(1.) When section 17(5A) of the Kerala General Sales Tax Act specifically provides for penalty on failure to return the correct figures in a case covered by section 17(4) of the Act, whether levy of penalty again under "section 45A" of the Act would amount to "double jeopardy" and hence unconstitutional, is the moot point. The petitioner is a dealer in furniture and is an assessee on the rolls of the second respondent. The petitioner filed returns in respect of the assessment years 1998-99, 1999-2000 and 2000-01 opting for simplified procedure of assessment under section 17(4) of the Act and the assessment was completed accordingly. But subsequently, investigation conducted by the third respondent brought to light certain transactions involving the sale of goods by the petitioner to SIDCO in respect of the above three assessment years, which however did not find a place in the returns filed and the books of accounts. After confronting with the incriminating circumstances, the petitioner was mulcted with penalty under section 45A of the KGST Act to the tune of Rs. 1,25,452, Rs. 56,532 and Rs. 11,140 for the above three assessment years as borne by exhibits P1 to P3 orders respectively. Though the petitioner filed statutory revision petitions before the concerned authority, interference was declined and the revision petitions were dismissed as per exhibit P7 common order; aggrieved of which, a second revision petition was filed. Because of the coercive proceedings pursued in the meanwhile, the petitioner was constrained to approach this court by filing W.P. (C) No. 25144 of 2003, which was disposed of as per exhibit P10 judgment, directing to pass final orders in the revision petition preferred before the first respondent who in turn was directed also to consider whether imposition of punishment under section 45A would be justified, the petitioner having already been mulcted with the penalty of "thrice the tax amount" sought to be evaded under section 17(5A) of the KGST Act.

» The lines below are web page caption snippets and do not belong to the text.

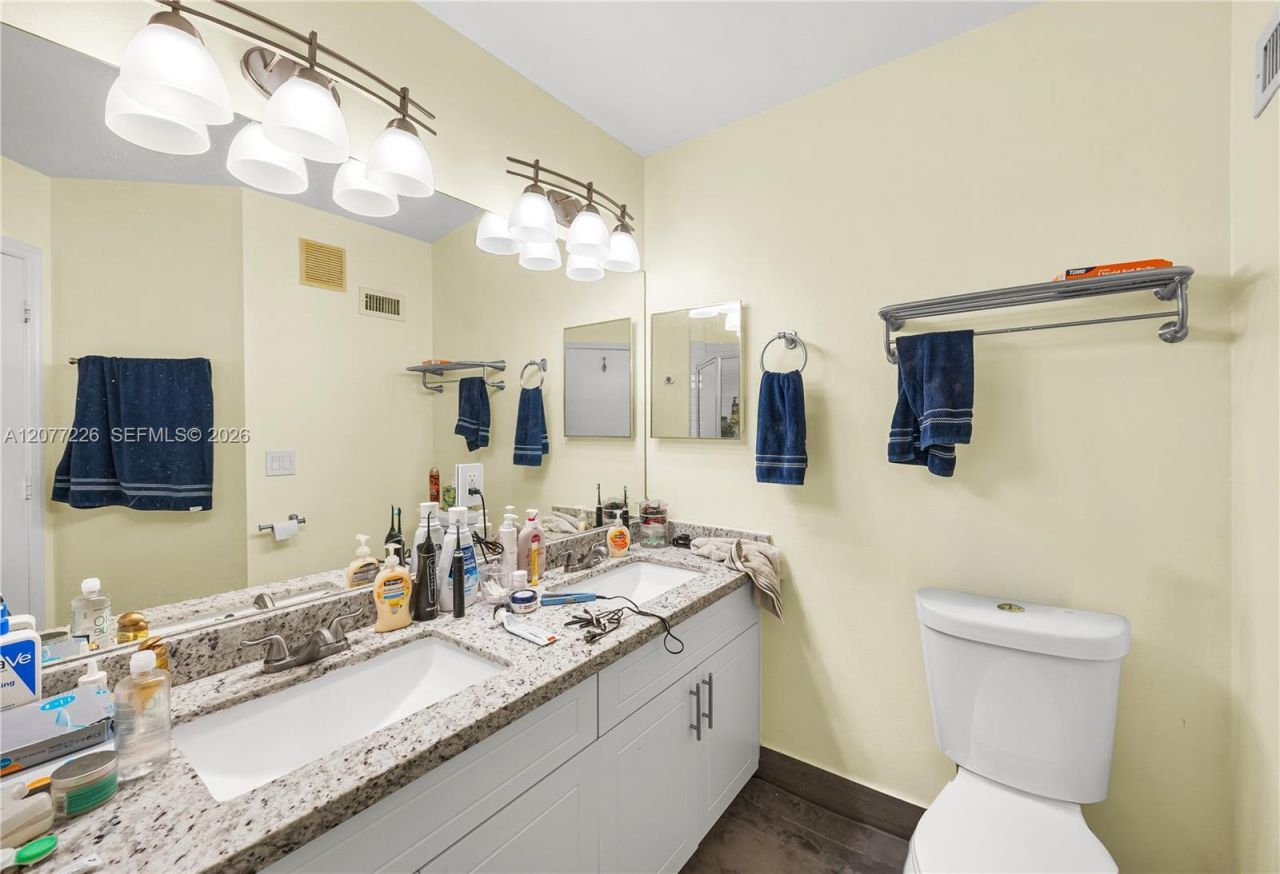 762 SW 122nd Ter , Pembroke Pines, FL 33025 Photo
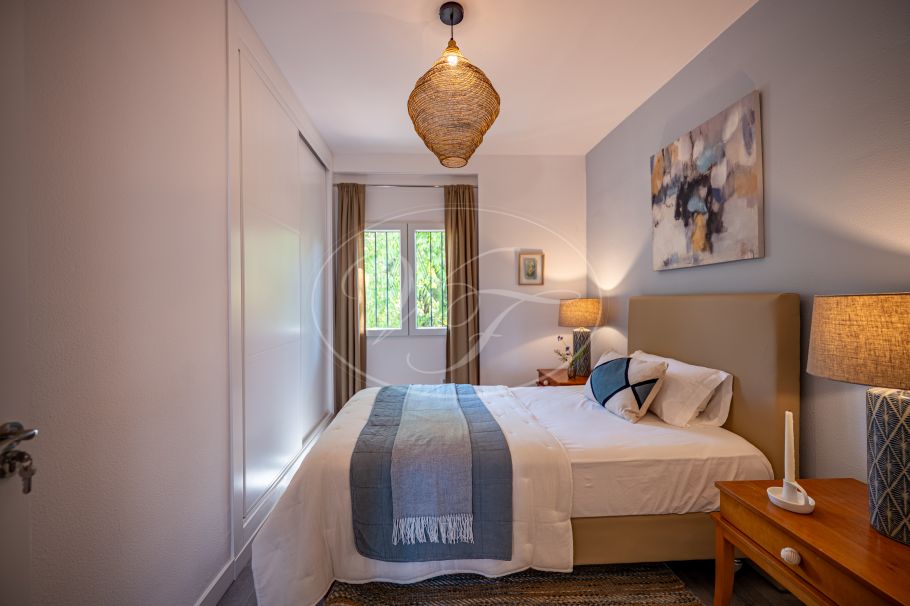 Beautiful country home with Vineyard, 1 studio & 1 guest apartment, Ronda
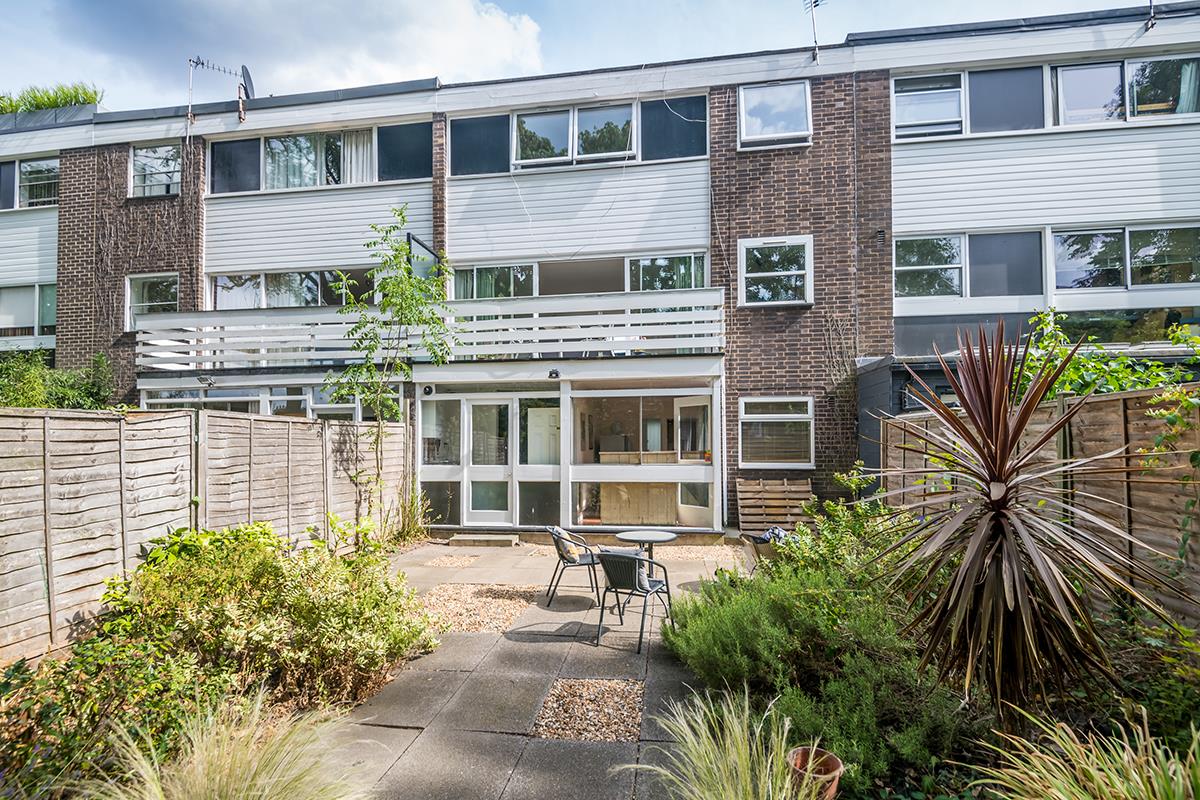 House - Terraced For Sale in The Hamlet, Camberwell, SE5 975 view26
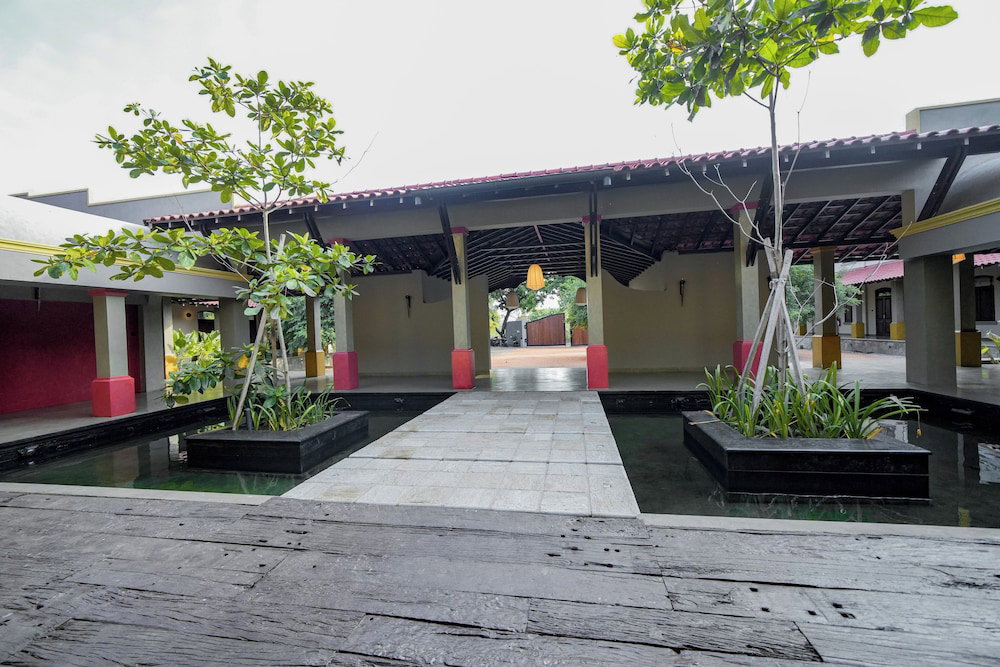 Adaar Kuchchaveli
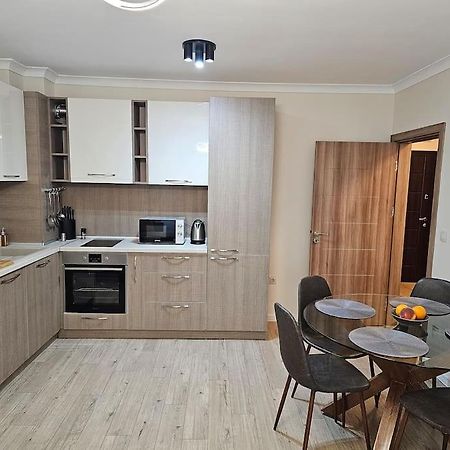Serenity In The Heart Of Varna With Parking Exterior photo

(2.) In the meanwhile, pursuant to exhibits P1 to P3 Orders passed by the third respondent, the second respondent re-opened the assessment for the years 1998-99, 1999-2000 under section 19(1) of the Act, fixing the tax liability accordingly. After approaching the first appellate authority, the petitioner approached the Tribunal as well, by way of second appeal, which led to exhibit P8 order dated September 18, 2003, whereby the Tribunal modified the assessment and the assessing authority was directed to re-fix the liability in terms of the said order, also directing to verify whether the assessee had taxable minimum for the year 2000-01.
(3.) Based on the reassessment proceedings originally pursued by the assessing authority pursuant to exhibits P1 to P3 order, the second respondent had found that the assessee was actually liable to pay an amount of Rs. 1,34,676 in respect of the year 1998-99, Rs. 65,238 in respect of the year 1999-2000 and Rs. 26,027 towards the year 2000-01 as per the orders passed under section 19. Based on the said figures, "penalty" was also simultaneously imposed under section 17(5A), making the assessee to satisfy "thrice" the amount of tax sought to be evaded, as mandatorily fixed under the statute, thus fixing the liability as Rs. 4,04,028 for the year 1998-99, Rs. 19,05,714 for the year 1999-2000 and Rs. 78,081 for the year 2000-01, vide exhibits P4 to P6 orders passed on April 16, 2003.